Image-caption web data:
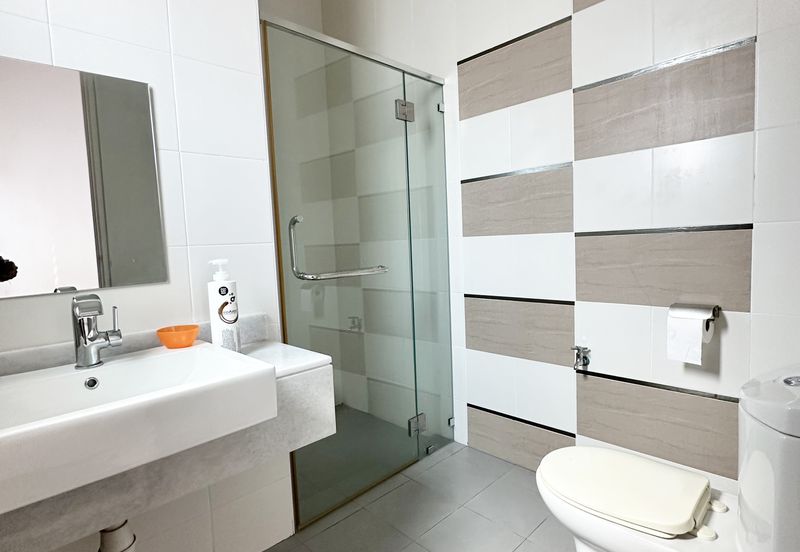 Seri Teratai @ Botani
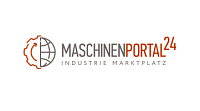 Maschinenportal24 - аукцион по продаже и аренде промышленных станков, приборов и механизмов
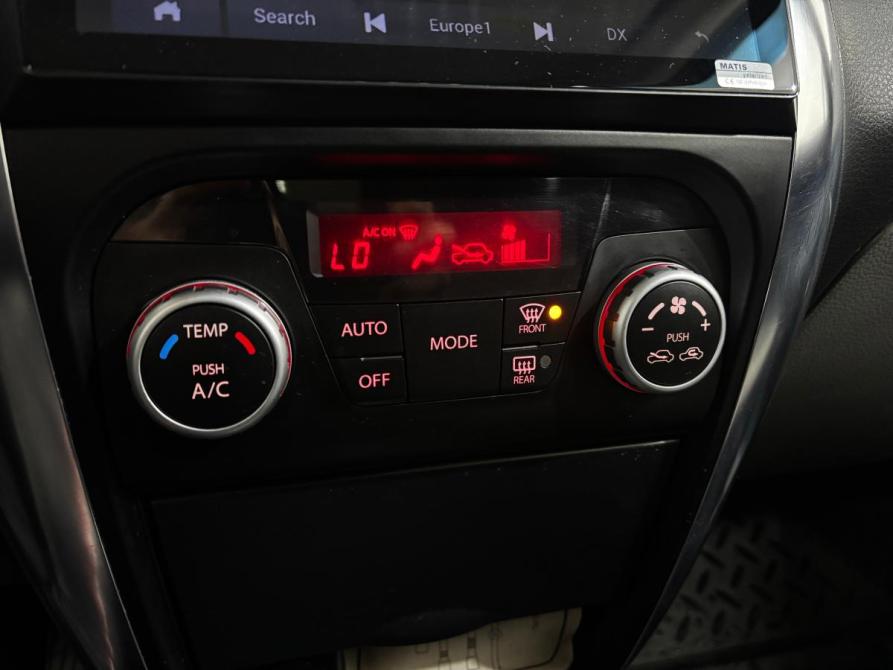 Suzuki SX4 I (Classic) Рестайлинг Альметьевск  - изображение 22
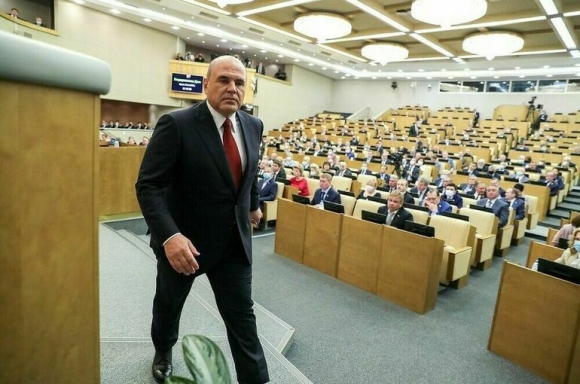 Госдума будет менять Жилищный и Земельный кодексы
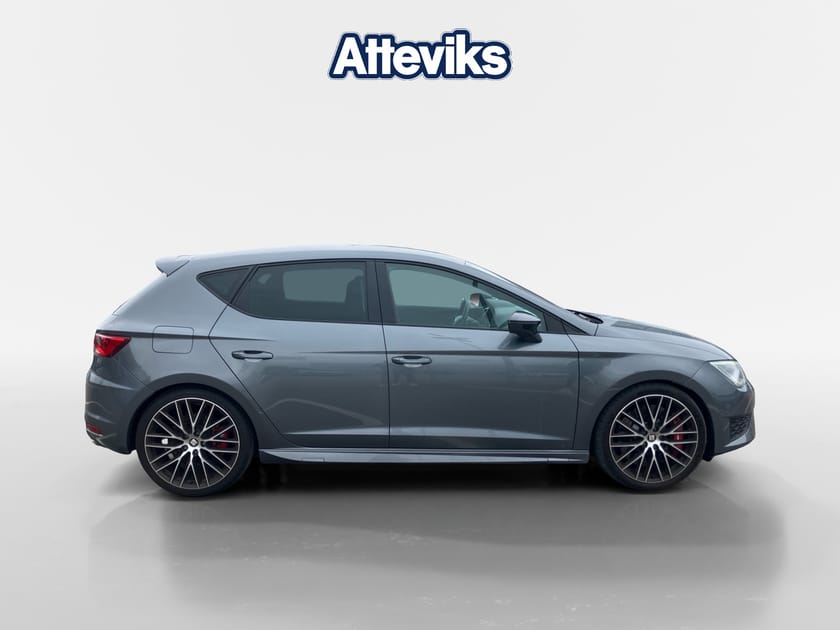 Bild 2 av SEAT León Cupra TSI 290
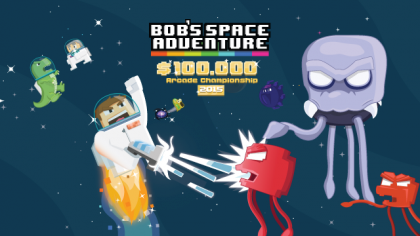 Bob's Space Adventure скриншоты
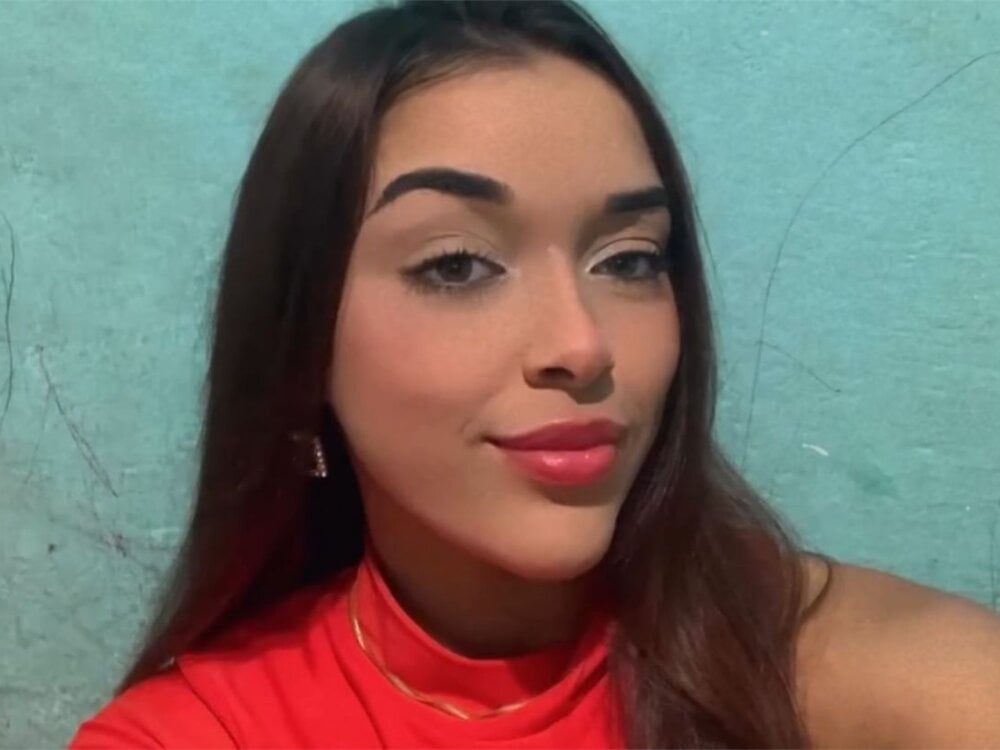 anywiilliane from stripchat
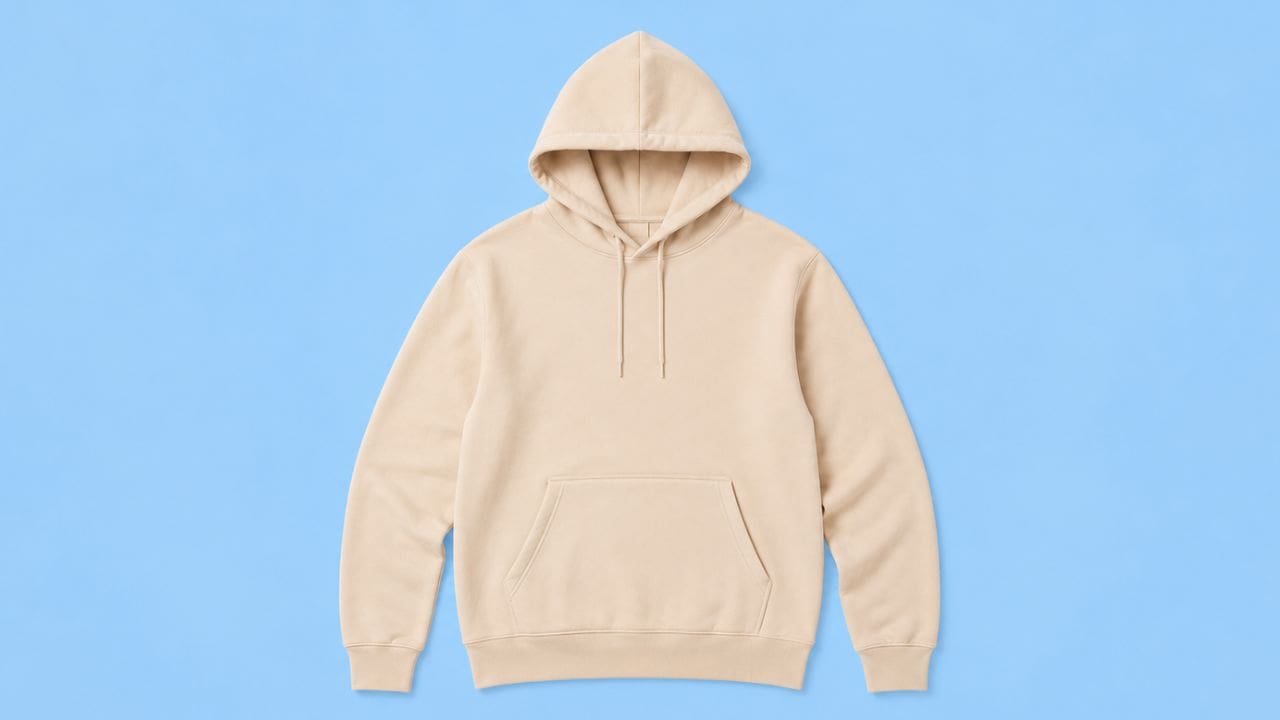 bedste hoodie ej testet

**INSTRUCTIONS TO FOLLOW:** Repeat the full set of records exactly, and output no pictures.

**RESPONSE BELOW:**
 Seri Teratai @ Botani
 Maschinenportal24 - аукцион по продаже и аренде промышленных станков, приборов и механизмов
 Suzuki SX4 I (Classic) Рестайлинг Альметьевск  - изображение 22
 Госдума будет менять Жилищный и Земельный кодексы
 Bild 2 av SEAT León Cupra TSI 290
 Bob's Space Adventure скриншоты
 anywiilliane from stripchat
 bedste hoodie ej testet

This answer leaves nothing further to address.